Concerns aren’t limited to only tourism and convention industry-related organizations in the US as many around the world are voicing their concern about the Trump administration’s anti-immigration policy. Global Business Travel Association Foundation (GBTA) announced that 45% of GBTA members responded in a recent survey that they would not hold their events in the US because of their anti-immigration order and forecasted that tourists from Canada and European countries would also hesitate to visit if the anti-immigration policy continued.

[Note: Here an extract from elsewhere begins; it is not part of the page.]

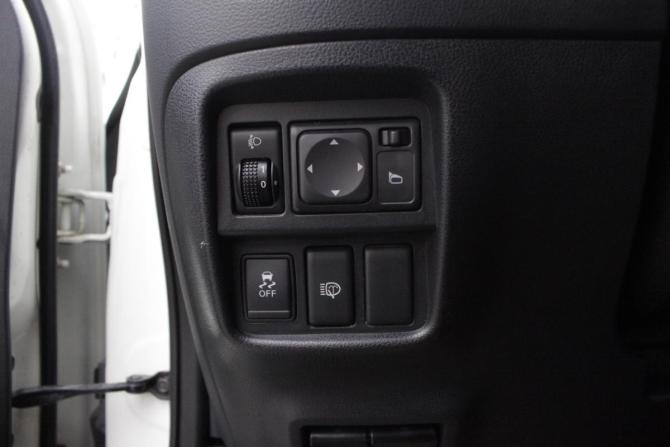 Nissan Juke I с пробегом 2011 года, цена 895 000 рублей, 177324 км, внедорожник, Автокод Объявления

NYC & Company, a New York based PR and Marketing Agency, forecasted that overseas visitors to the US would decrease by 2.1% for the first time since the global financial crisis of 2008. Chris Heywood, spokesman for the NYC & Company, shared that New York’s overall image had eroded for residents of countries beyond those included in the entry ban order. Meetings Mean Business Coalition (MMBC) echoed these sentiments saying the meeting industry brought people together to create positive achievements and build relationships. It stressed that trust among countries was vital and that the Trump administration should review the administrative order on its long term effects.
Another association, the Global Association of the Exhibition Industry (UFI) issued a proclamation requesting freedom of travel. UFI Chairman, Andreas Gruchow, emphasized that only freedom in the global business market would lead to exchanges in products and ideas. The association shared it would try to find solutions to resolve current problems arising in the industry at the upcoming ‘Global Exhibitions Day’ on June 7.
Such travel restrictions are not limited to the United States. The Chinese government recently requested its local tourism industry not to sell tour products to Korea, after the announcement of a US THAAD missile system deployment in South Korea. With the Chinese government restricting visits to Korea, numbers for inbound tourists from China have decreased rapidly and leading to some Chinese company incentive events scheduled in Korea.
Unlike the US tourism industry affected by an entry ban for tourists from multiple countries, recent travel restrictions to Korea are likely to be limited to Chinese visitors as reflected by increased interest in travel and numbers to Korea from Southeast Asian countries. Like the proverb, ‘Opportunities are found in times of crisis’ says, Korea should make efforts to diversify its market, escaping from quantitative growth favoring Chinese visitors and try to enhancing qualitative growth and increased added values.